• Work order:
Could you copy word for word only the lines between the one containing "Фото дисков Vossen" and the end of the listing below, both included, and leave out the pictures?
==== Dataset excerpt ====
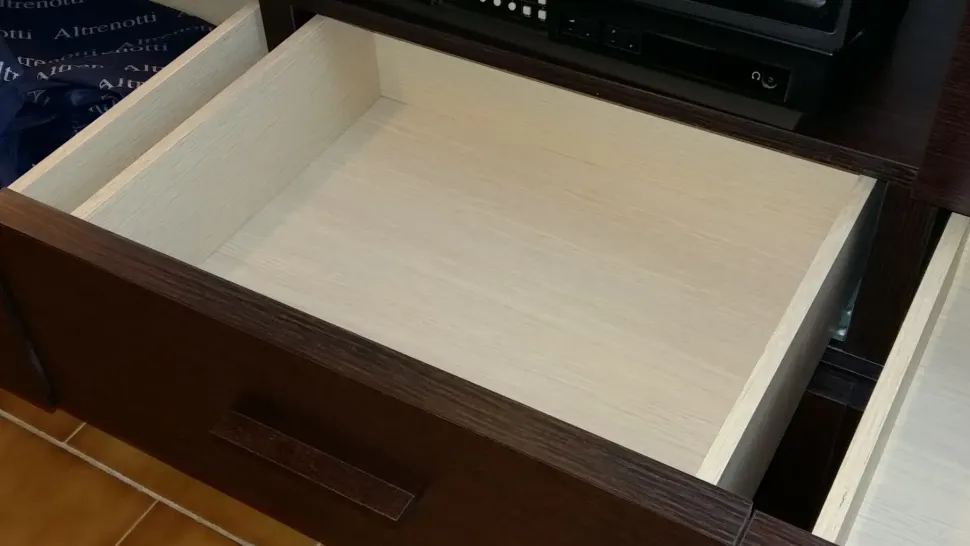 CASSETTIERA SFALSATA MODERNA IN LAMINATO SCONTATA DEL -50%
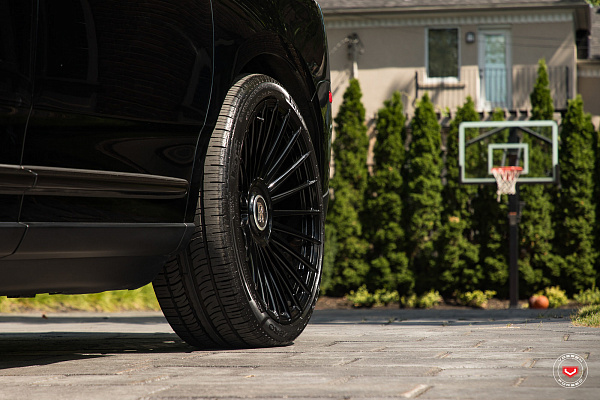 Фото дисков Vossen S17-13 Черный глянец на Rolls-Royce Cullinan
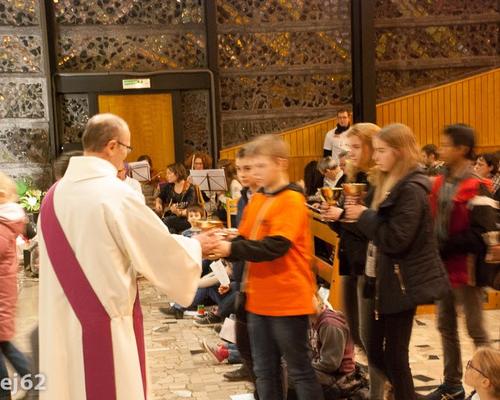procession d'offrande 2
====
• Answer box:
 Фото дисков Vossen S17-13 Черный глянец на Rolls-Royce Cullinan
procession d'offrande 2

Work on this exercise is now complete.